I was eighteen in this picture, smiling and looking my best while waiting for my date to pick me up for his prom dance. I had never seen the inside of a mental hospital, but I had been feeling a little different from my peers for about four years.

I was an award-winning student and athlete, but sometimes I had tremendous amounts of energy, and, on occasion, I could barely move. At that point, I had experienced more mania than depression. I knew that I smiled and laughed more than most of my friends, and sometimes I became extremely intense. People told me to, "Take a chill pill!" (a popular expression at the time).

The winter before this picture was taken, I slipped into a depression. I got up, got dressed, and went to school, but that was about it. I quit wearing the makeup I was used to wearing on a daily basis, didn't do much to my hair, and dressed in the first thing I pulled out of the closet. I was also really quiet. A couple of my teachers called my parents to ask if I was okay. They were worried that I was taking drugs, which I wasn't. One Friday night, a guy who was friends with my sister, coaxed me out of the house and took me to a party. He thought it would help, but I felt totally isolated and alone in the crowd that night.

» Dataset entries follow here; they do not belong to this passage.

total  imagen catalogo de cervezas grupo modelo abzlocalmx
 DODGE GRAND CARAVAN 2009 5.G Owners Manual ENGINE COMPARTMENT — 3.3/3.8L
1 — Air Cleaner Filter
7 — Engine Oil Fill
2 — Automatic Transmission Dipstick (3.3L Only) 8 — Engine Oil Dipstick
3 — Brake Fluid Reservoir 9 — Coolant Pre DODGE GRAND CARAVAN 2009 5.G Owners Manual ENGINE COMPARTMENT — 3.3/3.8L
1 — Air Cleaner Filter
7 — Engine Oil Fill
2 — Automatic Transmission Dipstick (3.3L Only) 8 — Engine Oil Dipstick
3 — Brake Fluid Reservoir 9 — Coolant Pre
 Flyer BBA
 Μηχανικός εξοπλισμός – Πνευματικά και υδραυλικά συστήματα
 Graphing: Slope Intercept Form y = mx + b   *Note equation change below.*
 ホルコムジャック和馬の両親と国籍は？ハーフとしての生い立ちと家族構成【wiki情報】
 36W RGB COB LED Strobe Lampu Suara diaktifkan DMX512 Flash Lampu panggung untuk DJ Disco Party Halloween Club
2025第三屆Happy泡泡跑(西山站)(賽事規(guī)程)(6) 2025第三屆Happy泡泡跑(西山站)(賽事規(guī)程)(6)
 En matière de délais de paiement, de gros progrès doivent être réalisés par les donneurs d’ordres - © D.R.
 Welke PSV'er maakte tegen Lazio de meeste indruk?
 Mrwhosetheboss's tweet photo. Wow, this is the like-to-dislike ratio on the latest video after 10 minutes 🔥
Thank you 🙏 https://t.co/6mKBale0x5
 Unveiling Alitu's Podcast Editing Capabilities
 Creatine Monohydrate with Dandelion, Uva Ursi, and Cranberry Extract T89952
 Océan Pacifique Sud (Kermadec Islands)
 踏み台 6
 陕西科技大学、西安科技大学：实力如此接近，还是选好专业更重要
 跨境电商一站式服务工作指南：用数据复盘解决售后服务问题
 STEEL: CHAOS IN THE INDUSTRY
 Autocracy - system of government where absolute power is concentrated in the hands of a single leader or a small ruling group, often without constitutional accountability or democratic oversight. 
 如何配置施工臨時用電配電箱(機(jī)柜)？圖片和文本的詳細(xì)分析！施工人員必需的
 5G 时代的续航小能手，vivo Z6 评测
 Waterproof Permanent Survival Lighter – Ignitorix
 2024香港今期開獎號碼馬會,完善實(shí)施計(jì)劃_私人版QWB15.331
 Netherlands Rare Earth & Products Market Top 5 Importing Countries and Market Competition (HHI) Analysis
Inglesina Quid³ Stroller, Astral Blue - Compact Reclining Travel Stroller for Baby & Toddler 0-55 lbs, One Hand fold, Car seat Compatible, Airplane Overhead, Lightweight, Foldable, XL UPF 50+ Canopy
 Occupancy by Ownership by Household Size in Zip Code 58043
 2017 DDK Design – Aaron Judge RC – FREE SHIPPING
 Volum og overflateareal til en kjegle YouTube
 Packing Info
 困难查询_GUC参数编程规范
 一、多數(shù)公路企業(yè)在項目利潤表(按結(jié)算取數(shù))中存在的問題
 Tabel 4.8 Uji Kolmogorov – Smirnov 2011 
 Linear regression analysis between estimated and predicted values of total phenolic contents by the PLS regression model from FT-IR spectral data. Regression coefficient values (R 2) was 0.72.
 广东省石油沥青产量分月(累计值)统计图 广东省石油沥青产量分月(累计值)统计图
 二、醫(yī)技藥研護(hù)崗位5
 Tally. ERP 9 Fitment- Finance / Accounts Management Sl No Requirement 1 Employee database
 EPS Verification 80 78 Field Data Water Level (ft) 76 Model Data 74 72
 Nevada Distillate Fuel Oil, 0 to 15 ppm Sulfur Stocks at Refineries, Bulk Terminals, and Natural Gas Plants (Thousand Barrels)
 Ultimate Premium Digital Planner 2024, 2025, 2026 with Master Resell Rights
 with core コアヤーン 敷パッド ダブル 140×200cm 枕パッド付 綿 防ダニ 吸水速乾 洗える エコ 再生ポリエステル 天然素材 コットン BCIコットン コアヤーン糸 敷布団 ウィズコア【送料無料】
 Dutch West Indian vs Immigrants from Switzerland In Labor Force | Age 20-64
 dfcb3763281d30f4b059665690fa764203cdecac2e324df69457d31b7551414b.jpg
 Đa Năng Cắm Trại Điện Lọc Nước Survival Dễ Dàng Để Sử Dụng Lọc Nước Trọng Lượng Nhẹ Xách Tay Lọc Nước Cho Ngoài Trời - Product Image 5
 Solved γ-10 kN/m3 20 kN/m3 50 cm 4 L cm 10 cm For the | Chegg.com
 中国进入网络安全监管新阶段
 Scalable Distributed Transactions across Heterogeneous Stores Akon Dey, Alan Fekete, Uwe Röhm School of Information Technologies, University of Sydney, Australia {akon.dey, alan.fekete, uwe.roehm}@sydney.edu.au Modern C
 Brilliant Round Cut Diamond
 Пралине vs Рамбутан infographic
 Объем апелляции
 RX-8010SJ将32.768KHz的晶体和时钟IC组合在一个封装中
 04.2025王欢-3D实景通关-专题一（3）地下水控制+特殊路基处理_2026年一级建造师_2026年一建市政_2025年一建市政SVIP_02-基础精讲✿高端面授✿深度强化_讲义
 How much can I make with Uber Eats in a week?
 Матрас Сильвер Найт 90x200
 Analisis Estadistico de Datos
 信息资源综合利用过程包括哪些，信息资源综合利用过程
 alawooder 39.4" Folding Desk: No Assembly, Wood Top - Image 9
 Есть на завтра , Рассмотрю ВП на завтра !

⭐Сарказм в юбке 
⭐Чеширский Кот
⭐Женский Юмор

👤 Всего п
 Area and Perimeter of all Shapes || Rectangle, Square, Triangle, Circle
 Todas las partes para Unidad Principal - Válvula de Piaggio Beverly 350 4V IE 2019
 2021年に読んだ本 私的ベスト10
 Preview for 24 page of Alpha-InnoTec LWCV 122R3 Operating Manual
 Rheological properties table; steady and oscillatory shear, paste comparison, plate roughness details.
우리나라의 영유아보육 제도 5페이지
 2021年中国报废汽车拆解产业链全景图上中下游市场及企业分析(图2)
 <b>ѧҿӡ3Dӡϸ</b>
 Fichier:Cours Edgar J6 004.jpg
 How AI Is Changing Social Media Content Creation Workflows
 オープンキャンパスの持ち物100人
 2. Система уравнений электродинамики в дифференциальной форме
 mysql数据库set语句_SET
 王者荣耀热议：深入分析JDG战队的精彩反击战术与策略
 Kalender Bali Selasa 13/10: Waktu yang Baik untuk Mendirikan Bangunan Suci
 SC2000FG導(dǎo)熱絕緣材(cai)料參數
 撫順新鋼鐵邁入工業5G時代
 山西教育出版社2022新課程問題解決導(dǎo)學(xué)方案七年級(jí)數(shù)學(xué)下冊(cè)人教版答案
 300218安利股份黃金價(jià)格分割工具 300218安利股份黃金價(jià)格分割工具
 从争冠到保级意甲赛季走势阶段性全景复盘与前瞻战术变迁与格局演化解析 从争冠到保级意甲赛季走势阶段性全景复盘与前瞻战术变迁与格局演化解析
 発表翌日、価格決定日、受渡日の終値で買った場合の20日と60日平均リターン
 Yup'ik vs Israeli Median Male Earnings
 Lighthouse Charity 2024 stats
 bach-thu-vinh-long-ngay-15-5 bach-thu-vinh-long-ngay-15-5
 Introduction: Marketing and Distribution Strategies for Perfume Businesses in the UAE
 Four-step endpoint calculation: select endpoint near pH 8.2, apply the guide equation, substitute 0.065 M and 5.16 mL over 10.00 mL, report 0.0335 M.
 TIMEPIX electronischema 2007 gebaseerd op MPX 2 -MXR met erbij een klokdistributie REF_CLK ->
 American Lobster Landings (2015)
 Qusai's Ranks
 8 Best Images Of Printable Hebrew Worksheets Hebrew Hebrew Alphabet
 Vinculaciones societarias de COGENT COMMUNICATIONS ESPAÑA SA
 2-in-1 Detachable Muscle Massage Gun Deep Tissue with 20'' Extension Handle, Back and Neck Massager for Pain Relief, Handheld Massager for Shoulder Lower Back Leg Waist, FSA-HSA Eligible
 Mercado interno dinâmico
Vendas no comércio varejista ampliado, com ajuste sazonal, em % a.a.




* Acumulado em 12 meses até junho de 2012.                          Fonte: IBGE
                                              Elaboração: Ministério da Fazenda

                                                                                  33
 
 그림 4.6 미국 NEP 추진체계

My parents didn't know what to do, so they asked around and found a psychologist for me to talk to. He was a kindly older man with a beard. We talked for a long time, and he advised me to leave my small city and encouraged me to apply to Ivy League schools. That was flattering, but I can't say it helped. Eventually I got better though, and kept moving forward. I had slowed down, but I still hadn't broken down. That would happen a year and a half later.

3 comments:

  1. The last line of this entry is like the last line of a chapter from a book you want to keep reading. Your blog is very interesting. I admire your ability to put yourself out there like this.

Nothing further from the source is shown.